In Jennifer’s Body, not only does Amanda Seyfried seem like she’s playing June, but her boyfriend Chip, played by Johnny Simmons, seems to be playing the kind of boyfriend I would have tried to be. All the situations where I might have had sex with June, that one night in particular, I tortured myself over them, replaying every word, every gesture, every decision and wondering, but not knowing, if something I said or did was wrong. But most of all I wondered what it would be like to be in that emotional space with her, and the fact that I would never know felt like a wound that would never heal.
The scene in Jennifer’s Body almost seems like the continuation of that night if I’d said and done everything right. There is this one shot in the scene where Amanda is looking up smiling and I think—no, I FEEL, “Oh, so that’s what it would have been like.”. And it feels like the mystery is solved, and I don’t have to go on torturing myself about it anymore.

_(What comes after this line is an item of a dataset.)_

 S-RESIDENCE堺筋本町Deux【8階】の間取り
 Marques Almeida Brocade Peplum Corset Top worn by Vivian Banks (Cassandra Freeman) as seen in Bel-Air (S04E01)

It’s funny how the subconscious works. I now know, I felt all of this the first time I watched the movie, but I didn’t put it into words, even in my mind, until years later. But it is probably a big part of the reason why I kept watching it. I also kept watching it because I knew I still didn’t fully understand it, and I still don’t. I need Diablo Cody, or Karyn Kusama, or Amanda and Megan to sit me down and explain it to me. But what I FELT seeing Amanda and Johnny Simmons’ interaction in Jennifer’s Body was like experiencing a virtual reality simulation of what it would have been like to be June’s boyfriend.
In February last year I went to the mall and I met this beautiful Israeli girl named Mor. She had just gotten out of the IDF and was working in one of those stores selling preposterously expensive cosmetics. Normally, I’m immune to sales tactics, but she’s one of the most beautiful girls I’ve ever seen, and she’s got that Israeli girl accent which is SO hot, I couldn’t walk away. You haven’t really lived until you’ve had diamond dust cream rubbed into your hand by a beautiful girl who knows how to fire an Uzi. So hot. Even though she had dark hair and dark eyes and somewhat olive skin, she had the Scarlett Johansson thing in that she looked very unusual. I recognized her as probably Israeli because of the accent before she told me so, but based on appearance alone, I wouldn’t have known what she was.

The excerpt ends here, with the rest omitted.